L’interesse statunitense per l’olio d’oliva — specie l’“extra vergine” importato dall’Europa — continua a crescere: gli Stati Uniti oggi rappresentano una fetta significativa del consumo mondiale di olio d’oliva.
Tuttavia, quando si parla di olio “italiano” sugli scaffali USA, la situazione non è omogenea: il prezzo può variare molto a seconda del marchio, del confezionamento, della distribuzione e della qualità.
Per capire la differenza, conviene guardare ai prezzi “nazionali”: in Italia, oggi l’olio extravergine 100% italiano si trova normalmente attorno a 8,99–9,99 €/litro nella grande distribuzione.
In zone e condizioni più pregiate, e per oli DOP/IGP di qualità superiore, i prezzi possono salire anche a 12-15 €/litro o un po’ più.
Questi valori danno un’idea del “punto di partenza”: un litro che in Italia può costare sui 10-15 €, destinato all’esportazione può subire molti ricarichi.
Cosa sappiamo davvero del mercato USA?
- Importazioni recenti mostrano che gli USA continuano a comprare grosse quantità di olio d’oliva da paesi come Italia, Spagna e altri produttori.
- Il prezzo all’importazione — all’ingrosso — non è assimilabile a quello al dettaglio: secondo dati recenti, la media “all’ingrosso” per l’olio importato negli USA (tutto, non solo italiano di qualità premium) era molto più bassa rispetto ai valori che circolano come “lusso”.

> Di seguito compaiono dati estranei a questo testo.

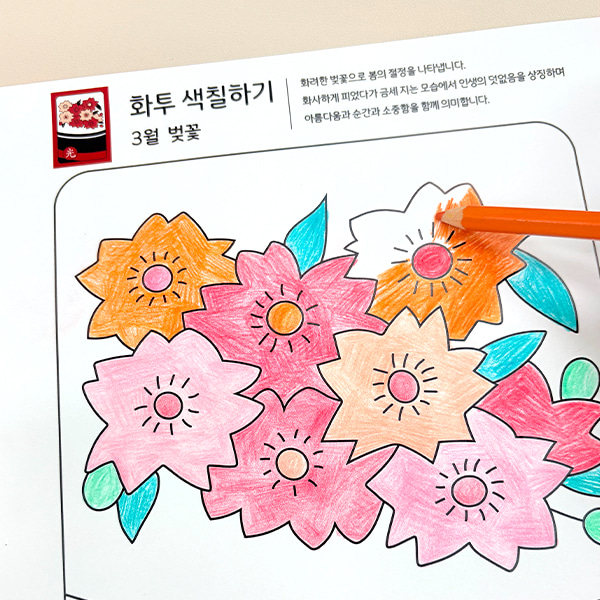 화투그리기 도안50장 24색목색연필 지구색연필24색 세트/시니어 노인 색칠놀이 - 상세 이미지 3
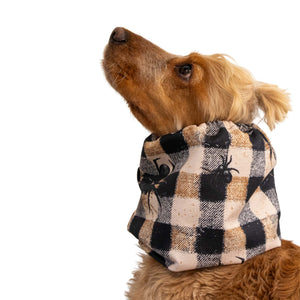 Dog wearing a checkered scarf with spider designs on a light gray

- Stime di analisti del settore suggeriscono che solo una piccola frazione dell’olio venduto negli USA abbia qualità e prezzo da “super-premium”: la maggior parte resta in fasce moderate, condizionate da blend, distribuzione di massa, logistica e logiche di costo.
Un punto chiave: non tutti gli oli importati come “italiani” o “extra vergine” sono equivalenti. Come documentato già da decenni dagli studi del US International Trade Commission (USITC), una parte significativa dell’olio venduto sul mercato USA definito “extra virgin” non soddisfa sempre gli standard minimi di qualità stabiliti dall’International Olive Council (IOC).
Questo significa che, dietro etichette simili, possono esserci prodotti di qualità molto diversa — e di conseguenza prezzi molto diversi.
Sulla base di fonti multiple possiamo dire che:
- È vero che esistono bottiglie italiane “di fascia alta” vendute a prezzi molto elevati negli USA.
- Ma il mercato è variegato: una parte importante dell’olio importato resta in fasce di prezzo molto più moderate, anche mescolato o non “originale al 100%”.
- In Italia i prezzi al consumo sono ben più bassi rispetto a certi listini USA — il che rende evidente che buona parte del prezzo aggiunto viene sui costi di esportazione, distribuzione, confezionamento e marketing.
- Il consumatore americano spesso non paga solo “olio”: paga un pacchetto fatto di origine dichiarata, packaging, branding — e, a volte, percezione di esclusività.